What’s new in this version of the law?

In the new version of this law, there will be a threshold of 5% on the percentage that each list should obtain to qualify for seats in the parliament, in the current law, this threshold is null, but what deos it mean and what is it meant for?

The threshold in this context is simply a qualification condition to be assigned a seat in the parliament, the logic behind it is that not matter how much vote a list obtains, if it doesn’t obtain X% of the total number of votes in its jurisdiction, it cannot have a seat in the parliament.
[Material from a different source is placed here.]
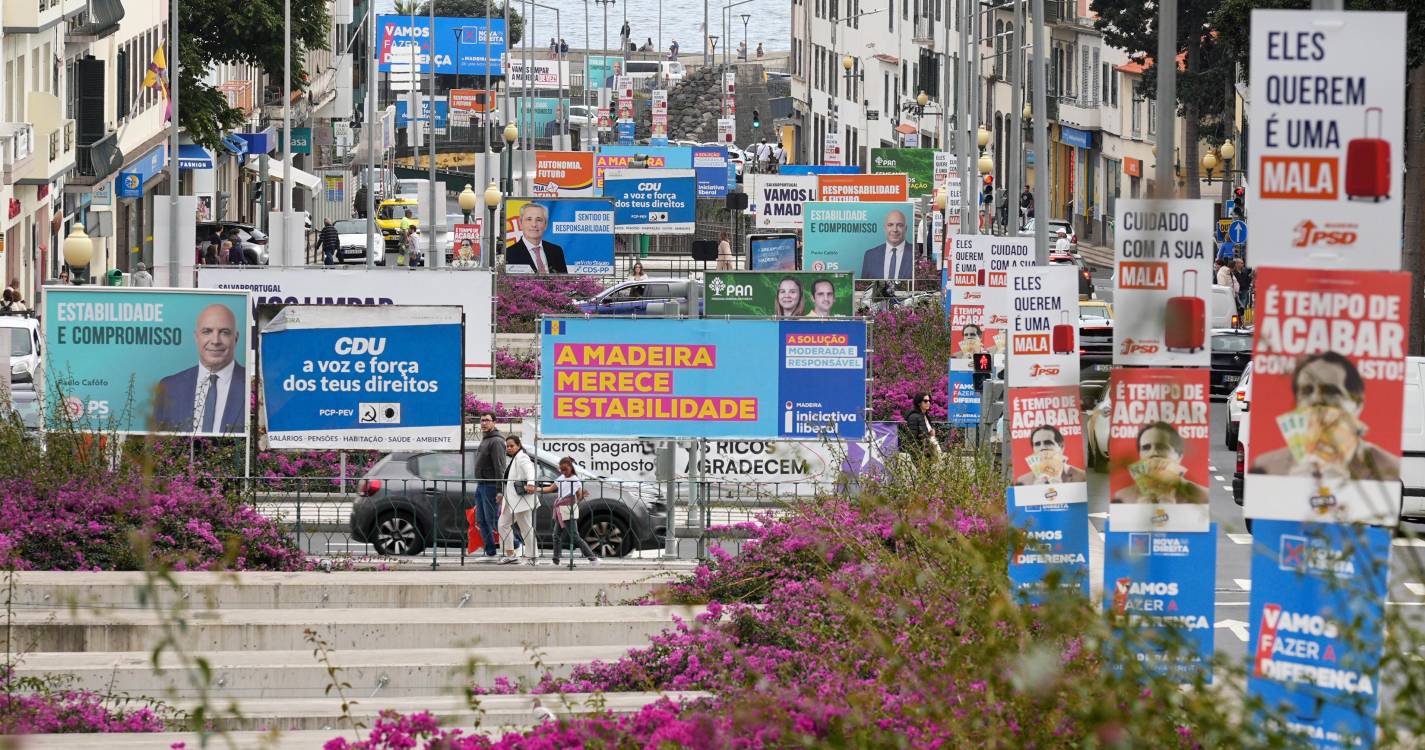 Forças políticas “inundam” centro do Funchal com cartazes
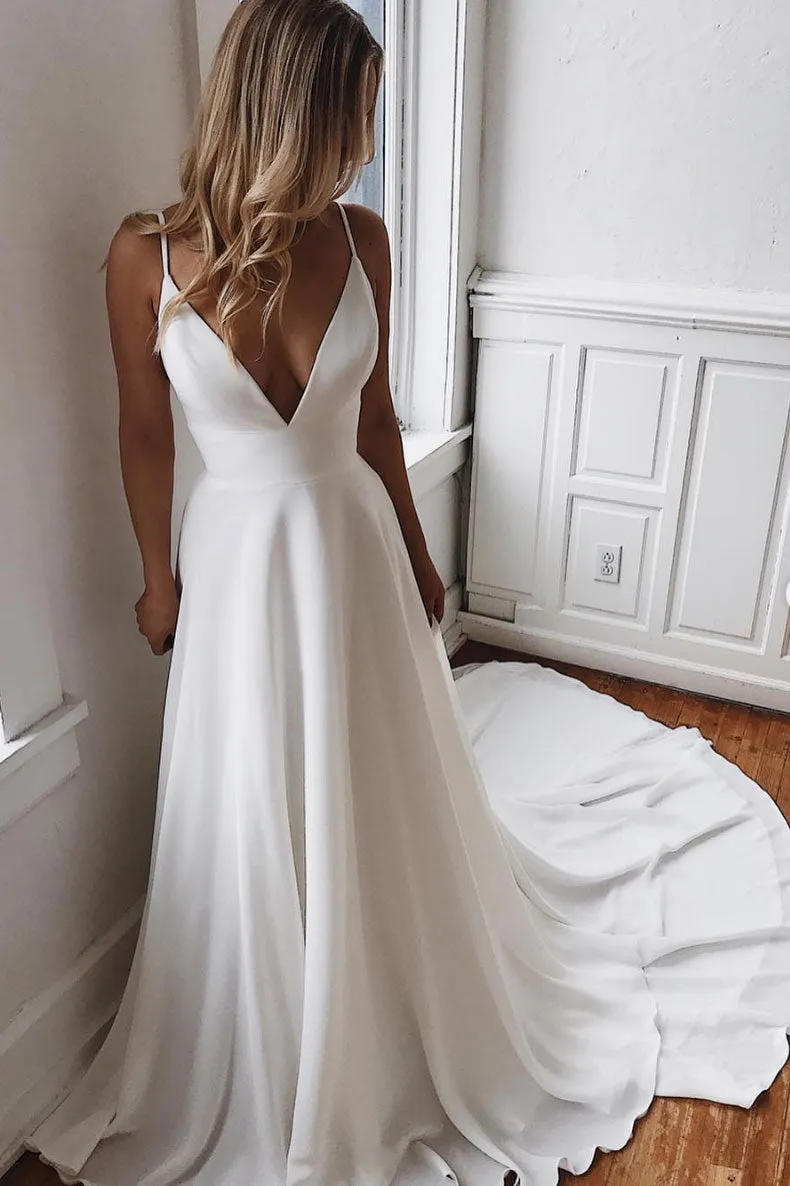White v neck chiffon long prom dress, white lace evening dress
Another reason for adopting a threshold is that the least reminder method does not usually provide a clear majority if left without such a requirement the elevates the barrier to entry to the parliament. To dive in more details you can check this amazing post from Bawsala Association.

What can this threshold change in the upcoming parliament?

To answer this question we need first to look at the current parliament, and the polls of how an upcoming parliament should look like.

The current parliament of 2019 elections:

As I mentioned above, I used data provided by Cahiers de la Liberté, though I wrote my own code to simulate the current and amended electoral law, you can find all of that in this repo.

After cleaning and processing here’s the complete data of current parliament with a detailed table where we can pinpoint how much each party benefited from the largest remains system:

2019 elections with largest remains threshold at 0%
Decomposition of the total seats won by Quota(direct votes) and Remains the ratio of the Remains seats to the total won
party Seats ratio
Quota Remains Total
ENNAHDHA 28 23 51 45%
QALB TOUNES 17 21 38 55%
PDL 3 15 18 83%
TAYAR 3 19 22 86%
HARAKT EL CHAAB 1 14 15 93%
COALITION KARAMA 1 20 21 95%
AAICH TOUNSI 0 1 1 100%
AFEK TOUNES 0 1 1 100%
AL BADIL 0 3 3 100%
AMAL WA AAMAL 0 2 2 100%
MACHROUA TOUNES 0 4 4 100%
NIDAA TOUNES 0 3 3 100%
OUTSIDER 1 0 10 10 100%
OUTSIDER 2 0 3 3 100%
PARTI RAHMA 0 4 4 100%
PARTIE FRONT POPULAIRE 0 1 1 100%
PSD 0 1 1 100%
TAHYA TOUNES 0 14 14 100%
TAYAR MAHABBA 0 1 1 100%
UDS 0 1 1 100%
UPR 0 3 3 100%
@Bennour007sin | DATA: Cahiers de la Liberté

Before we dive into the the results with the threshold, Id like to pin point, that Outsider_1 and Outsider_2 are simply independent lists I didn’t have time to check the proper names for, but I trust the data collectors in this regard.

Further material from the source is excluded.